That includes Mark Rue of San Antonio, TX, USA who wrote, “Excellent archival wood panels available commercially are here.”
And also James Morton who wrote, “I am under the impression that plywoods especially cheaper grades will delaminate in time. I have switched from plywood to tempered Masonite as a substrate for mounting linen canvas on because I have noticed old plywood used on furniture of about 80 years age has delaminated. I prime the back of the linen and the Masonite heavily with acrylic gesso to prevent acids leaching into the canvas.”
And also Victor Anonsen who wrote, “Do you have any advice for adhering paper to panel? What medium would you use to glue the paper to the panel?”
(RG note) Thanks, Victor. You can collage paper to wooden panels with acrylic medium. Used nearly full strength it makes an excellent glue and dries clear. Layers of paper can be built up, either soaked through or topically.
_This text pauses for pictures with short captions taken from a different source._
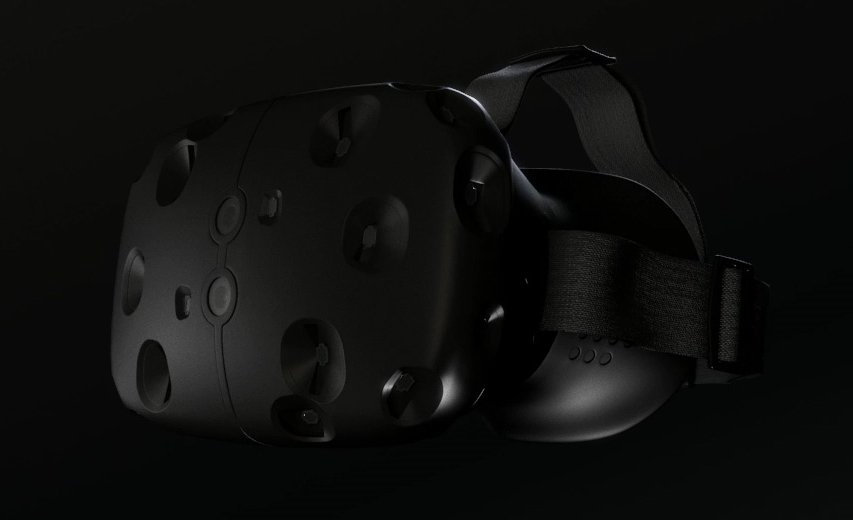 HTC Partners with Video Game Maker for VR Headset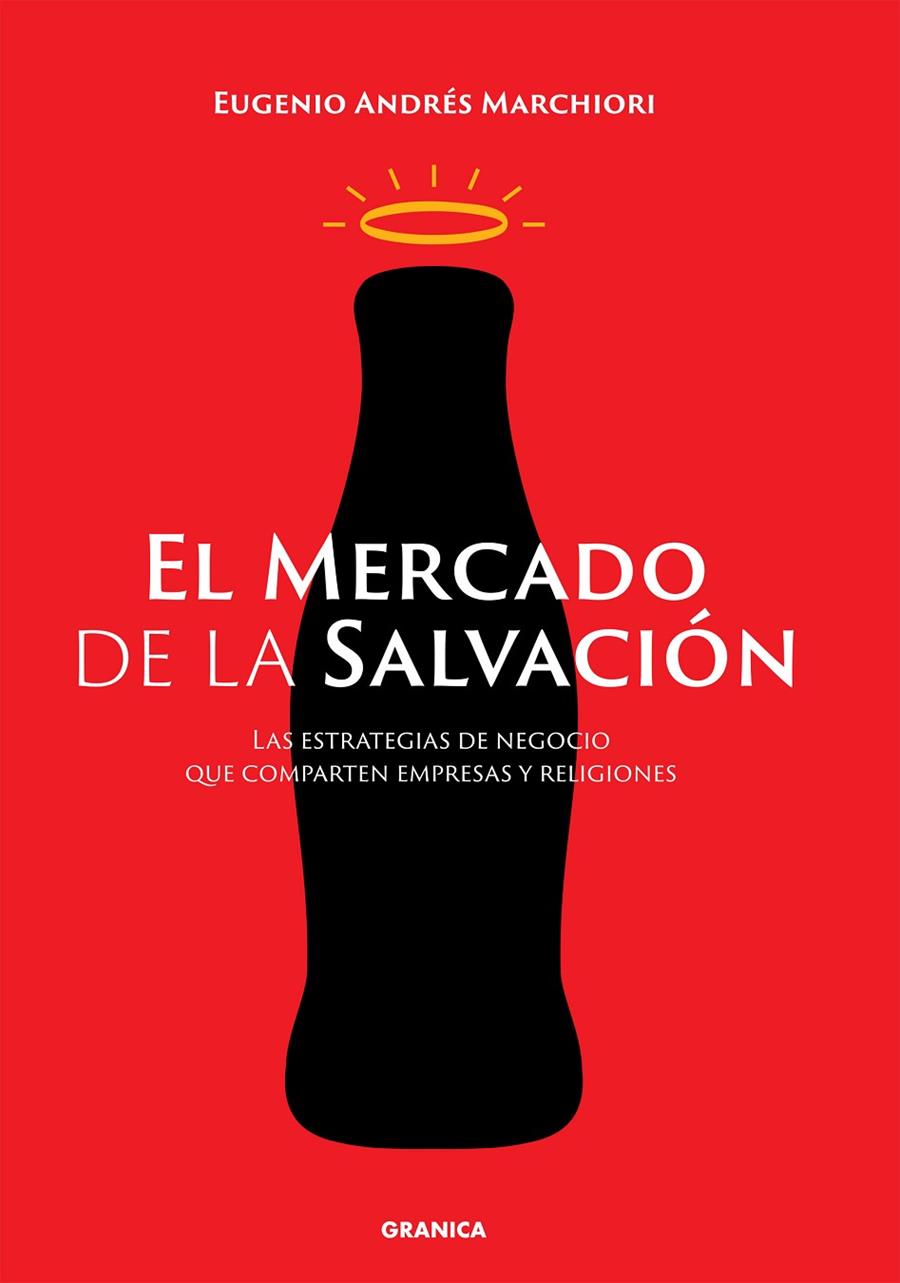 EL MERCADO DE LA SALVACIÓN | 9789878358840 | MARCHIORI, EUGENIO | Galatea Llibres | Llibreria online de Reus, Tarragona | Comprar llibres en català i castellà online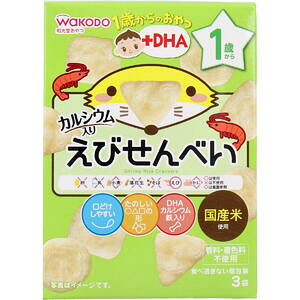せんべい お菓子 離乳食 ベビーフードの人気商品 通販 価格比較 価格 Com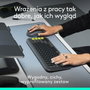 Logitech POP ICON Combo inalámbrico con teclado y ratón, gris
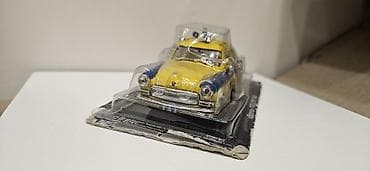 1 43 modelka: Müxtəlif qiymətlər Xüsusiyyətlər: - Miqyas: 1:43 - Material: əsasən — 8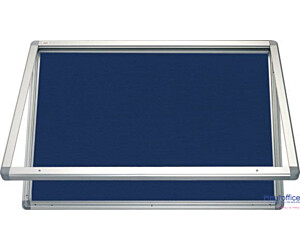 Gablota suchościeralna 90x60 pozioma GS 196 OFFICEBoard 2X3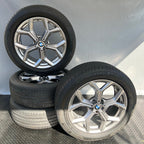 BMW X3 X4 WHEEL RIM 19 INCH 2018 2019 2020 2021 2022 2023 2024 OEM 687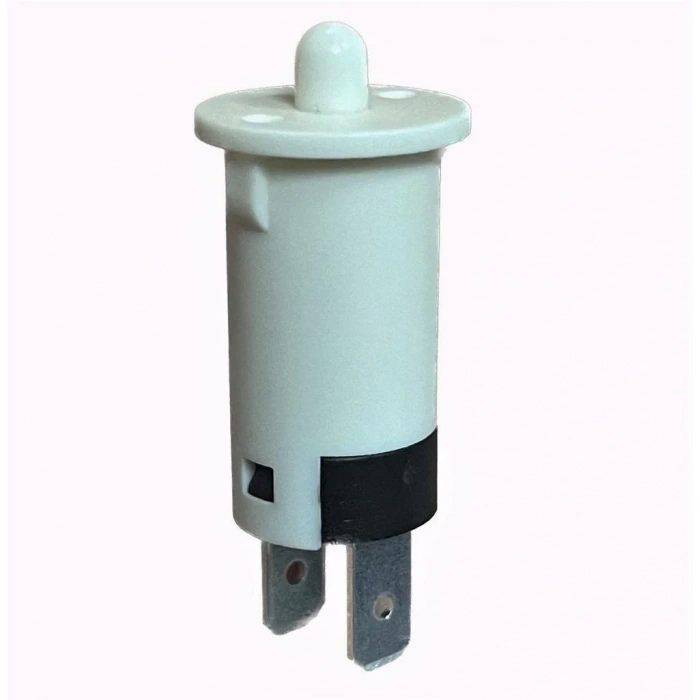 IC-187A Ters Kapak Switch Normalde Kapalı Kontak 12mm Beyaz 1 Adet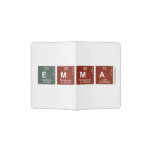 Emma  Passport Holder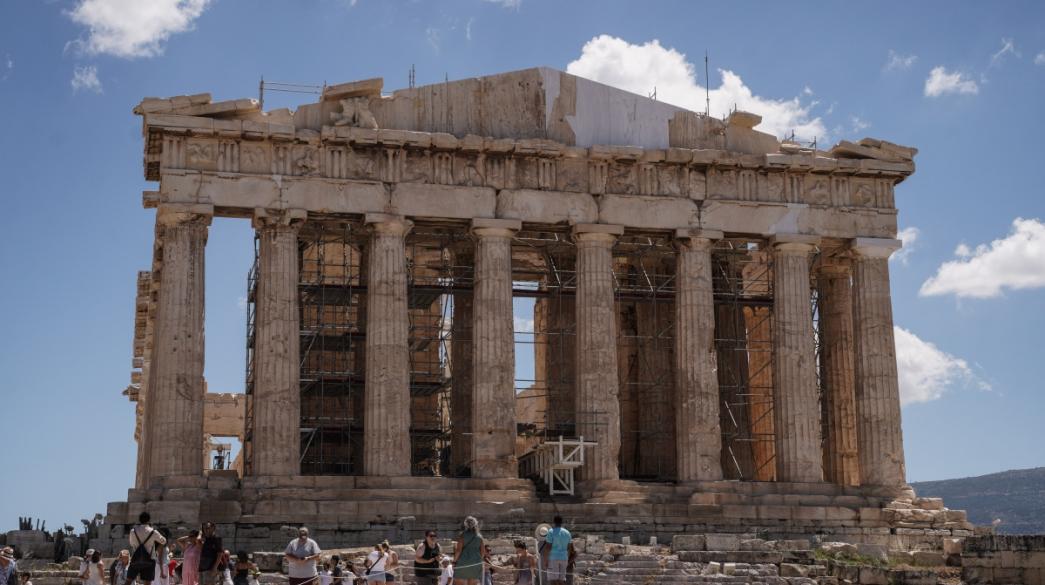 Ακρόπολη Αθήνα 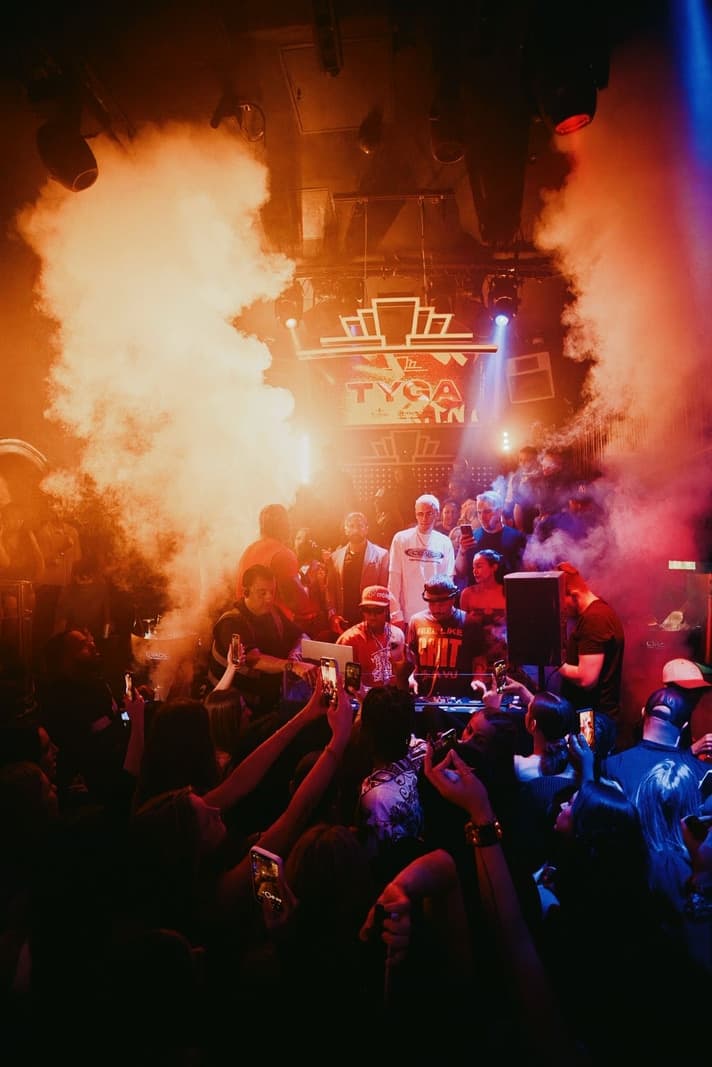 Thursday night London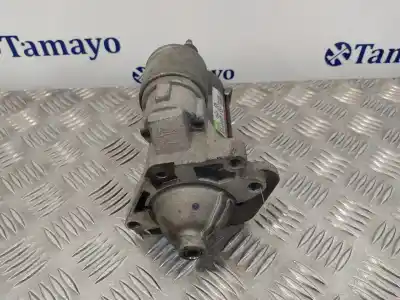 Peça sobressalente para automóvel em segunda mão motor de arranque por renault clio iii 1.5 dci diesel referências oem iam 8200836473a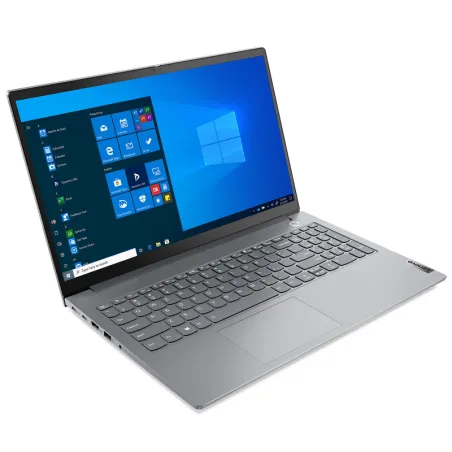 PC Portable Lenovo Thinkbook 15 G2 ITL  i3 11è Gén 4 Go 256GO SSD – GRIS (20VE0080FE)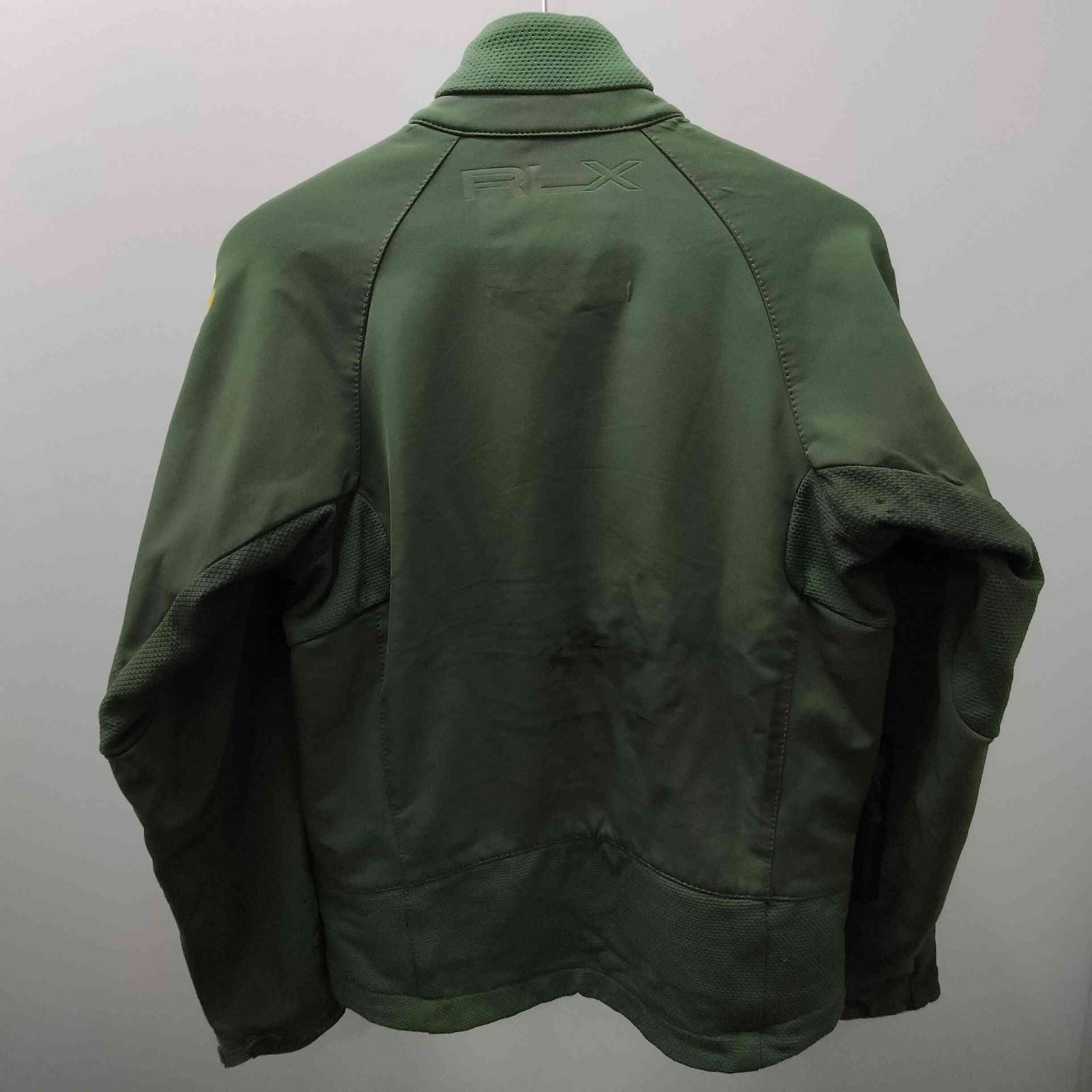 ポロスポーツ POLO SPORT RLX 90-00S 裏地フリース 袖 勇 強 刺繍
Final finish can be more medium for an overall gloss and you can finish with a varnish such as Golden’s Final Varnish with UVLS. This last coat helps to some degree to control fading.
And also Kerry Peters of Hot Springs, SD, USA who wrote, “Can you please tell me where I may purchase the “wet box” for carrying panel boards like the one you have. I have searched the Internet and cannot find a store that carries it.”
(RG note) Thanks, Kerry. A carpenter friend made mine to my specifications. This morning we sent a computer team to crawl over Dick Blick’s and couldn’t find anything quite like mine.